Assignment: Transcribe the entries below without changing a word, and omit every picture.

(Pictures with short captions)
((

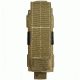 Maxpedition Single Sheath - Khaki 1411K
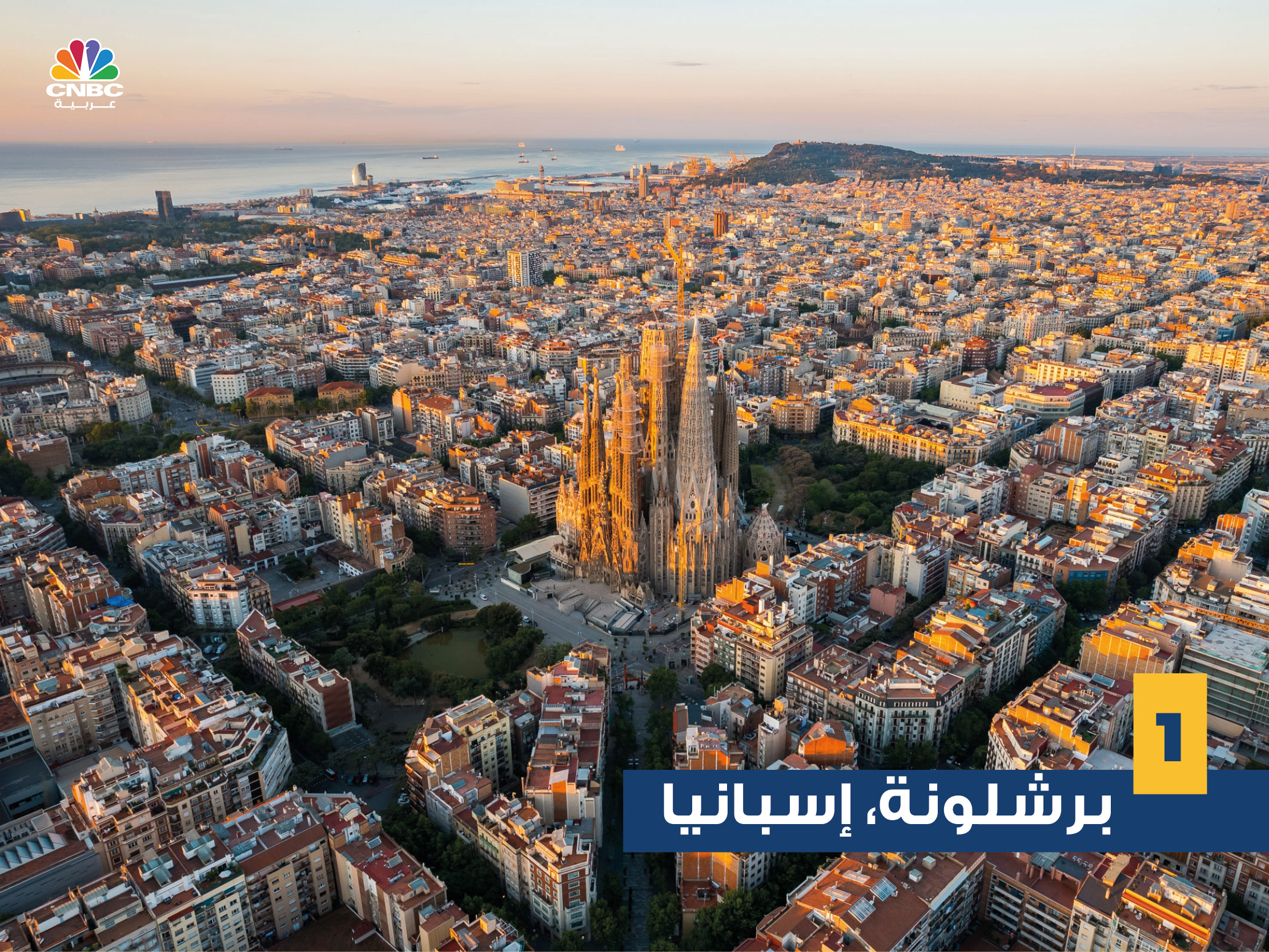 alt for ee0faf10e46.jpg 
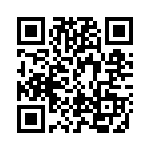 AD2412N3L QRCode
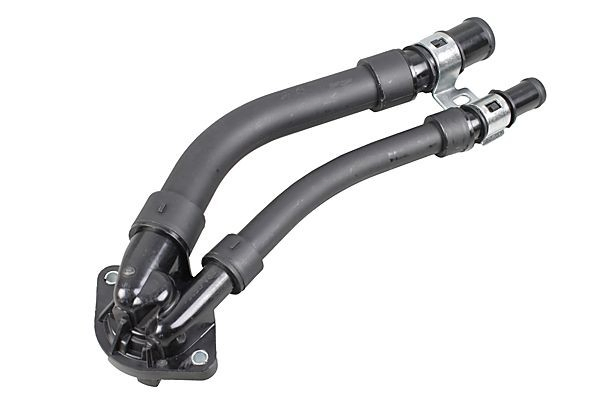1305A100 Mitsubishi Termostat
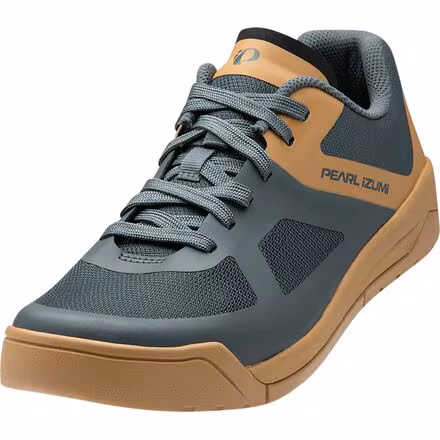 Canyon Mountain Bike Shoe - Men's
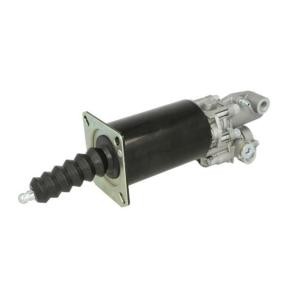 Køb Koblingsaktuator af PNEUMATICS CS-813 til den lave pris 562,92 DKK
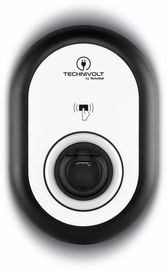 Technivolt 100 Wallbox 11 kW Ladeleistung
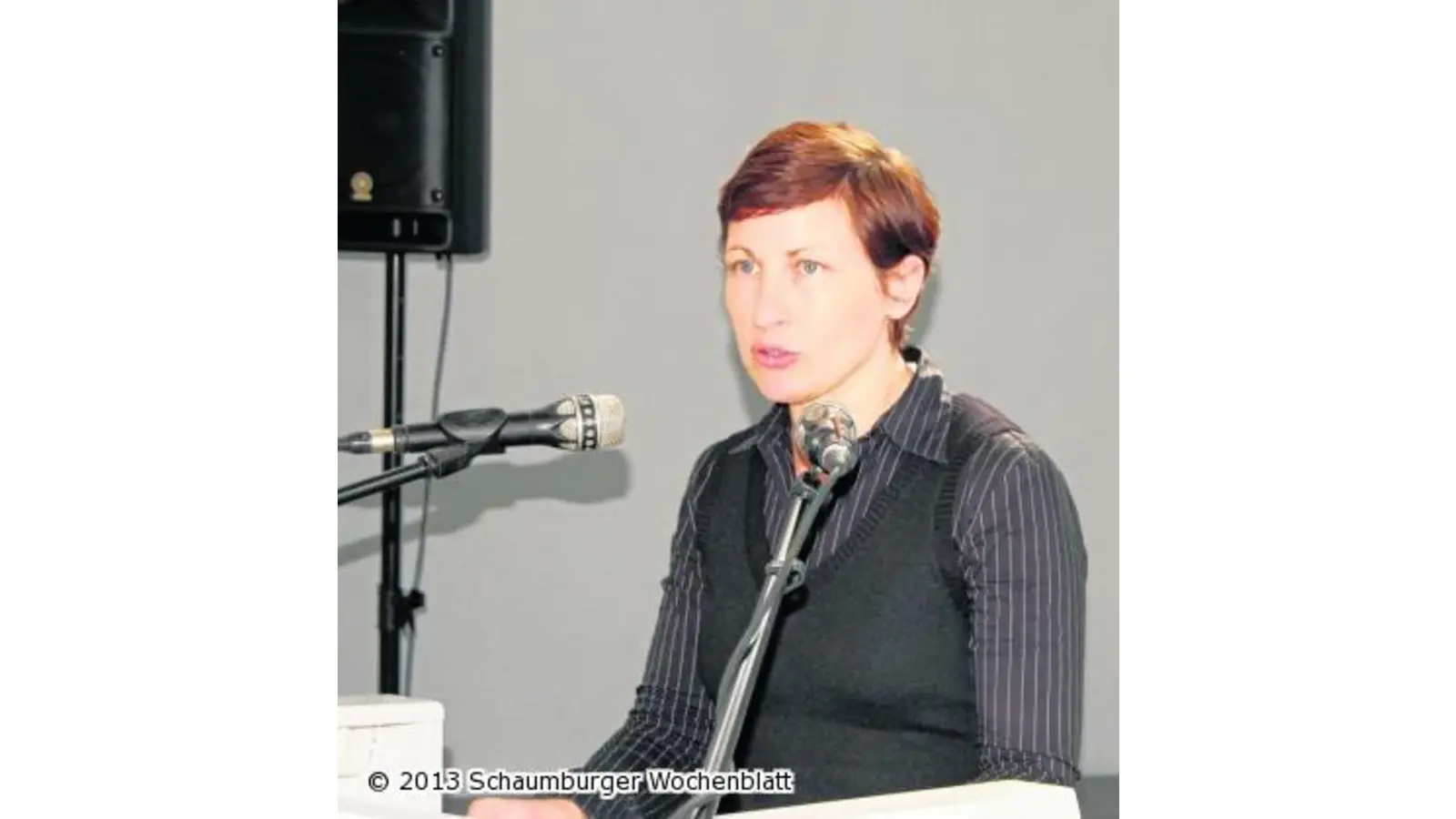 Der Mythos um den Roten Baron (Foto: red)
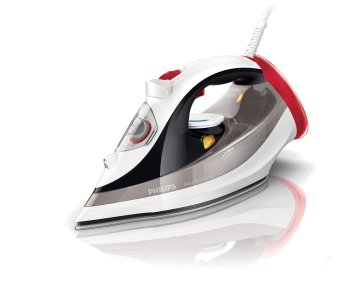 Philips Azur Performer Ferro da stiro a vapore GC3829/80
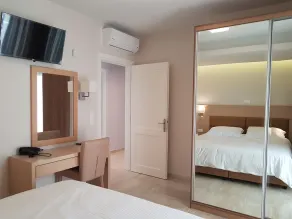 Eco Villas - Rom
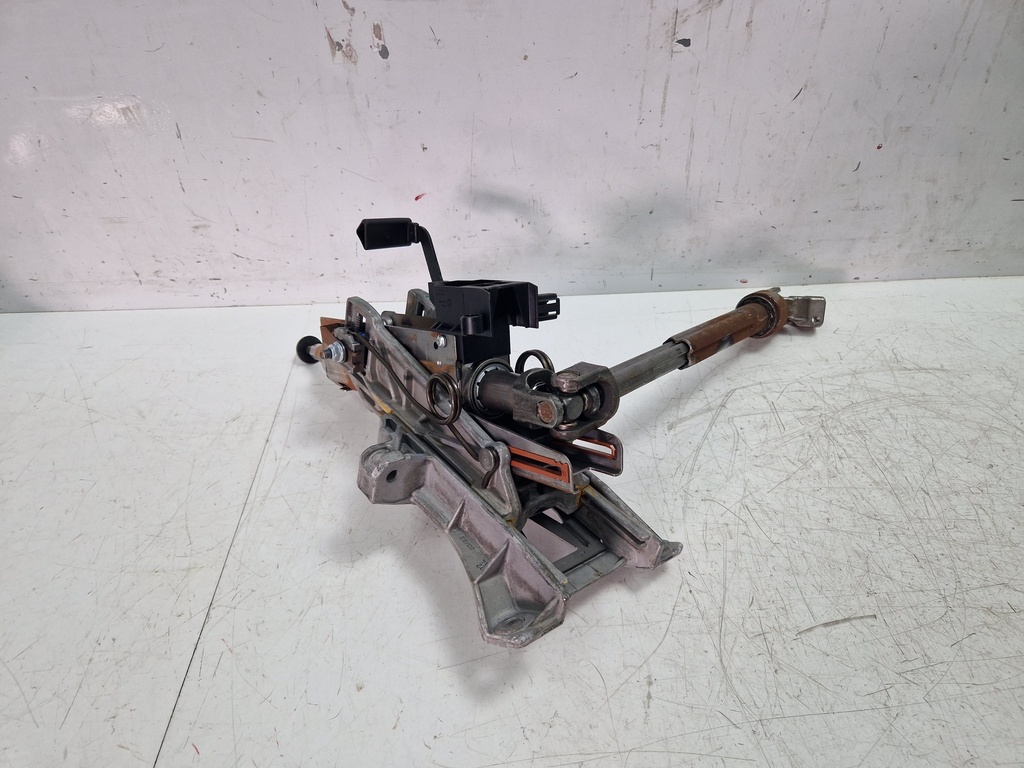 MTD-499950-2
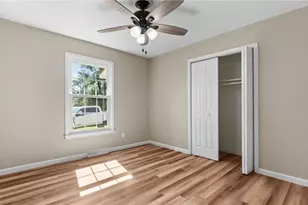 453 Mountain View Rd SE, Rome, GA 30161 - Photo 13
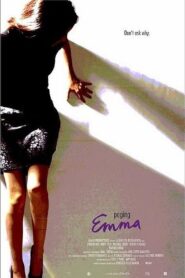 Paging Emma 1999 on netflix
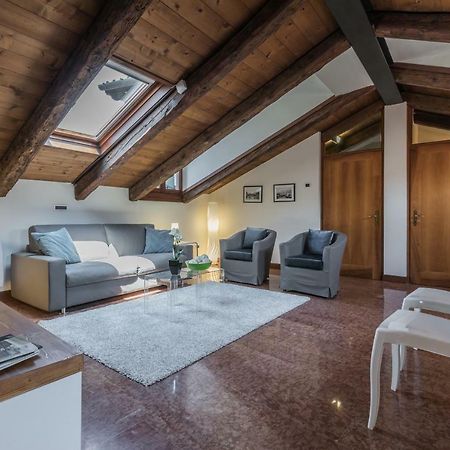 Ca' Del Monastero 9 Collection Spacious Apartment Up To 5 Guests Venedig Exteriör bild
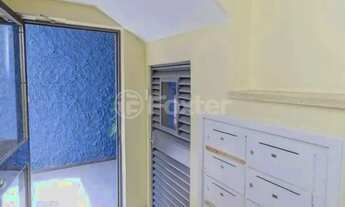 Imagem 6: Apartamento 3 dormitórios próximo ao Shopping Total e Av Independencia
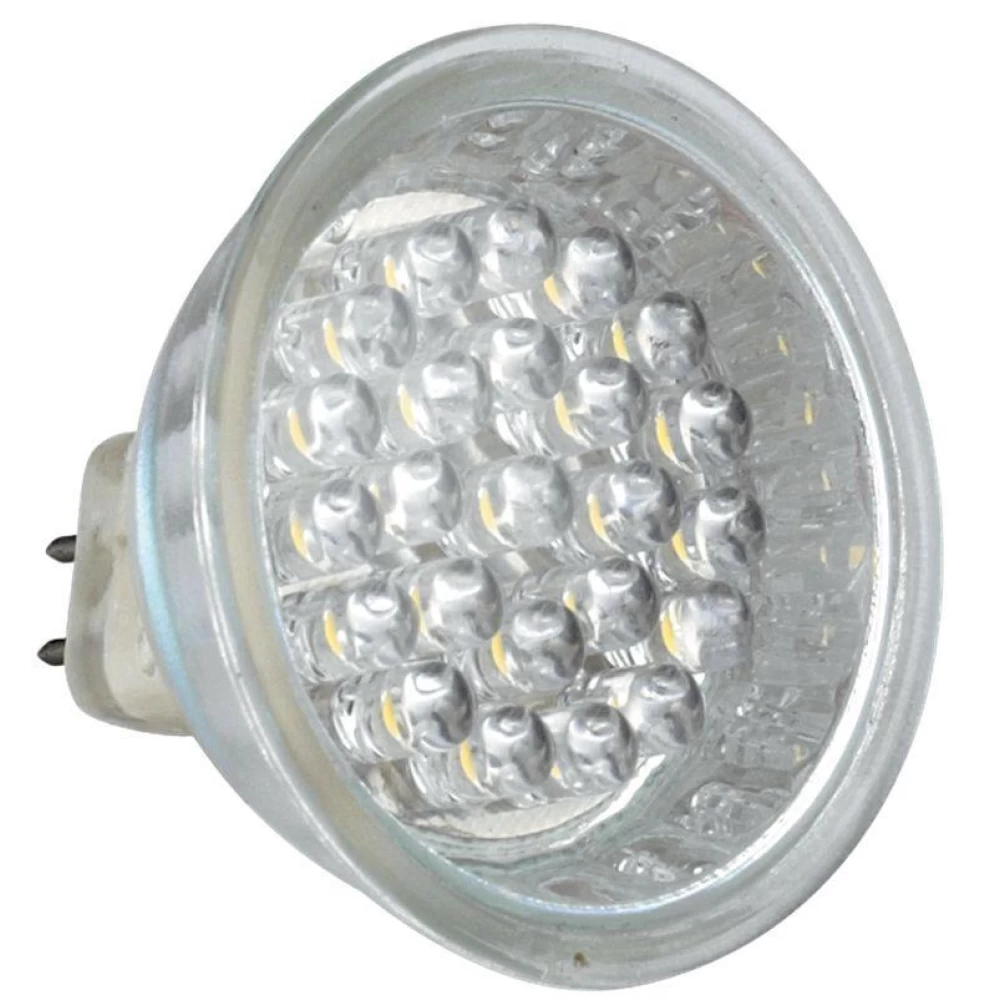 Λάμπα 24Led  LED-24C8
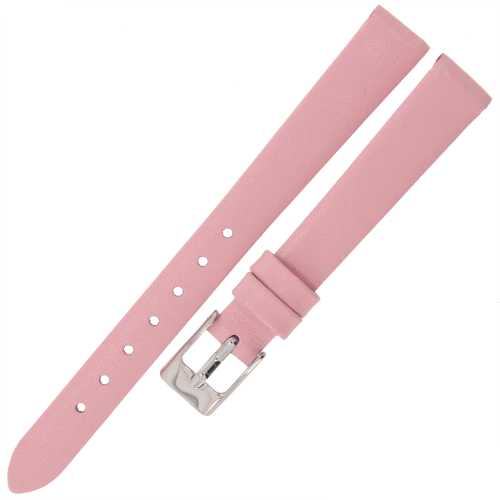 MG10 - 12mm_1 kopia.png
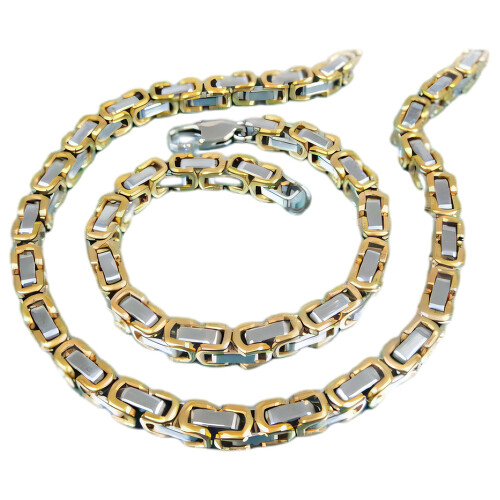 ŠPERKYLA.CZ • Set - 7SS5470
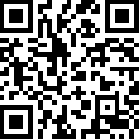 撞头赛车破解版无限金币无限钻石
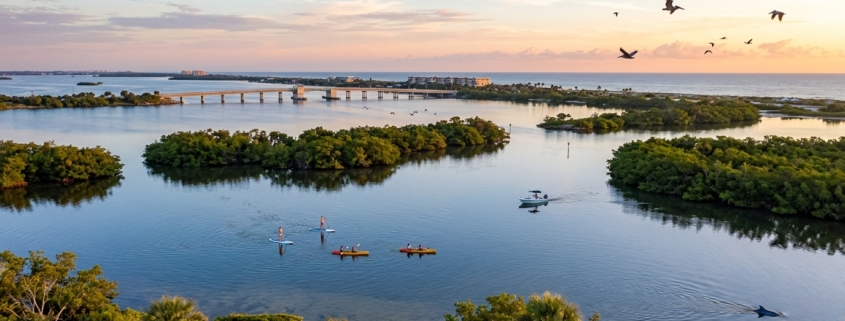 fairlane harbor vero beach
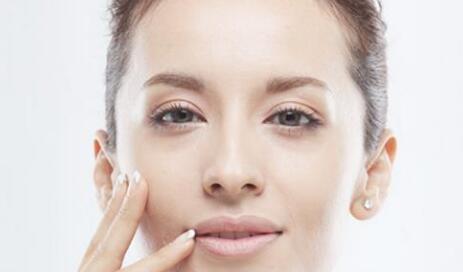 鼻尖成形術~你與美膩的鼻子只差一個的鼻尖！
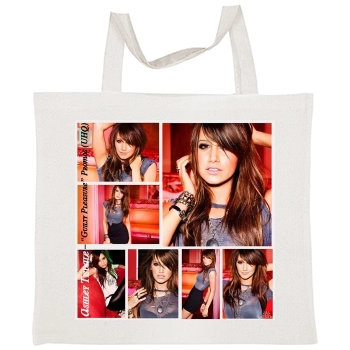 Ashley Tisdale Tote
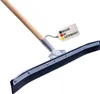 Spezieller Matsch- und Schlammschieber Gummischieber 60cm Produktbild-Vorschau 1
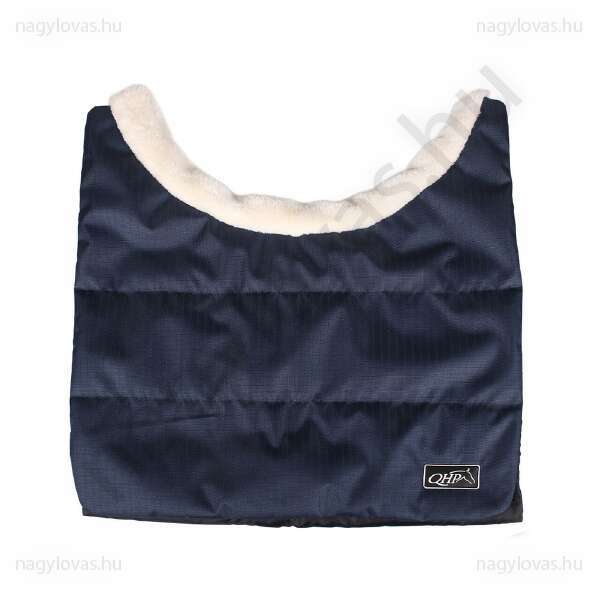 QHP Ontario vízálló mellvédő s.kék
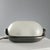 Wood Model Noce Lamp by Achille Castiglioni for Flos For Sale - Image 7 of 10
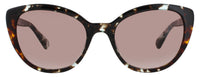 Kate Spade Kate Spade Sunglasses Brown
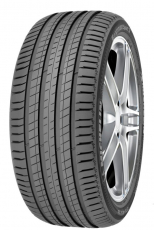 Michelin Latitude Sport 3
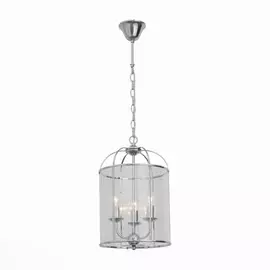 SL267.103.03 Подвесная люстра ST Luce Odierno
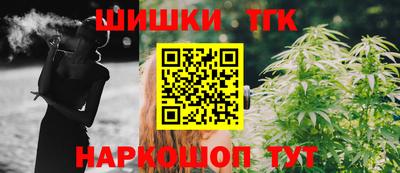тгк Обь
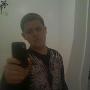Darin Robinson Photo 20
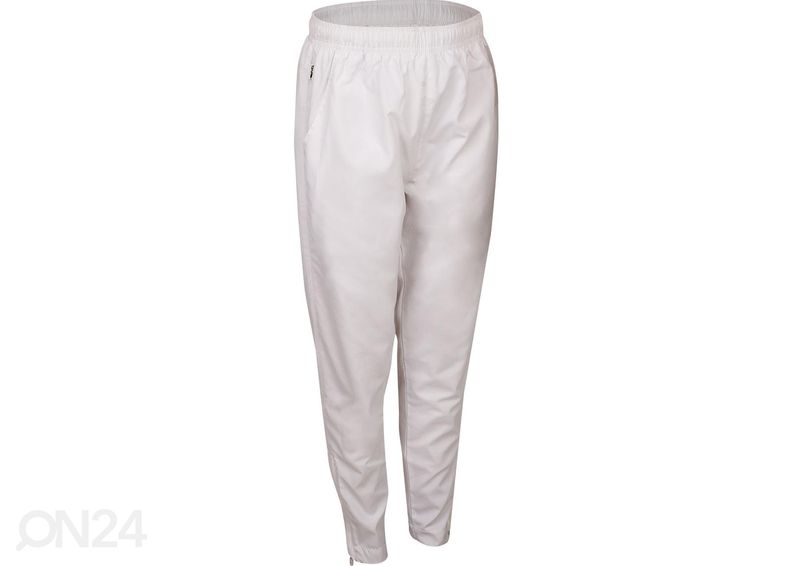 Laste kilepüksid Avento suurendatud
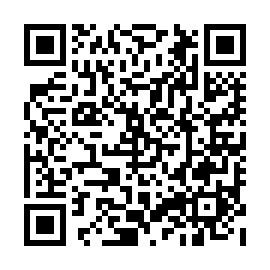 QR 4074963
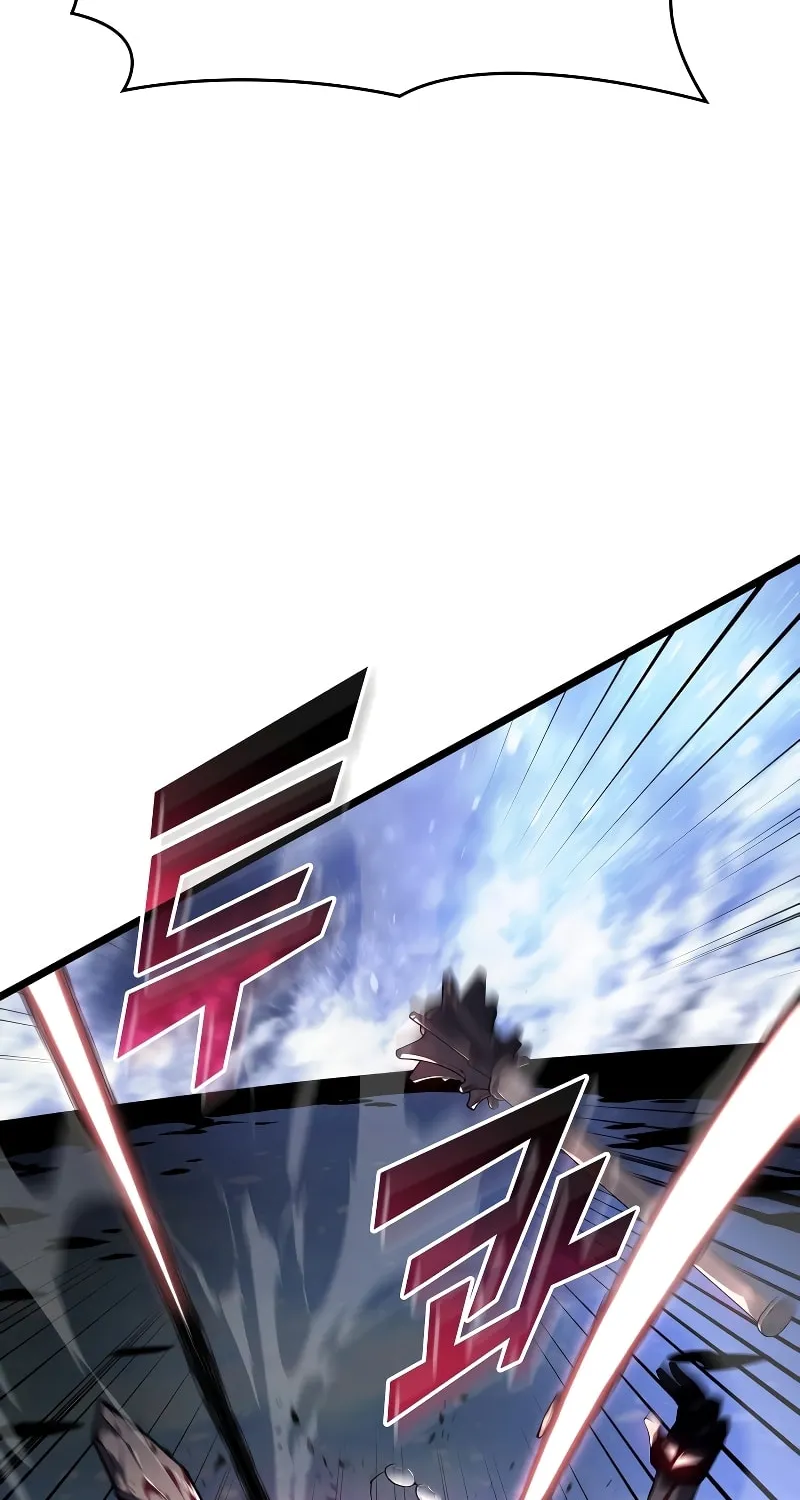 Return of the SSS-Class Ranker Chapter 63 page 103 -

))

Exercise response:
 Maxpedition Single Sheath - Khaki 1411K
 alt for ee0faf10e46.jpg 
 AD2412N3L QRCode
1305A100 Mitsubishi Termostat
 Canyon Mountain Bike Shoe - Men's
 Køb Koblingsaktuator af PNEUMATICS CS-813 til den lave pris 562,92 DKK
 Technivolt 100 Wallbox 11 kW Ladeleistung
 Der Mythos um den Roten Baron (Foto: red)
 Philips Azur Performer Ferro da stiro a vapore GC3829/80
 Eco Villas - Rom
 MTD-499950-2
 453 Mountain View Rd SE, Rome, GA 30161 - Photo 13
 Paging Emma 1999 on netflix
 Ca' Del Monastero 9 Collection Spacious Apartment Up To 5 Guests Venedig Exteriör bild
 Imagem 6: Apartamento 3 dormitórios próximo ao Shopping Total e Av Independencia
 Λάμπα 24Led  LED-24C8
 MG10 - 12mm_1 kopia.png
 ŠPERKYLA.CZ • Set - 7SS5470
 撞头赛车破解版无限金币无限钻石
 fairlane harbor vero beach
 鼻尖成形術~你與美膩的鼻子只差一個的鼻尖！
 Ashley Tisdale Tote
 Spezieller Matsch- und Schlammschieber Gummischieber 60cm Produktbild-Vorschau 1
 QHP Ontario vízálló mellvédő s.kék
 Wood Model Noce Lamp by Achille Castiglioni for Flos For Sale - Image 7 of 10
 Kate Spade Kate Spade Sunglasses Brown
 Michelin Latitude Sport 3
 SL267.103.03 Подвесная люстра ST Luce Odierno
тгк Обь
Darin Robinson Photo 20
 Laste kilepüksid Avento suurendatud
 QR 4074963
 Return of the SSS-Class Ranker Chapter 63 page 103 -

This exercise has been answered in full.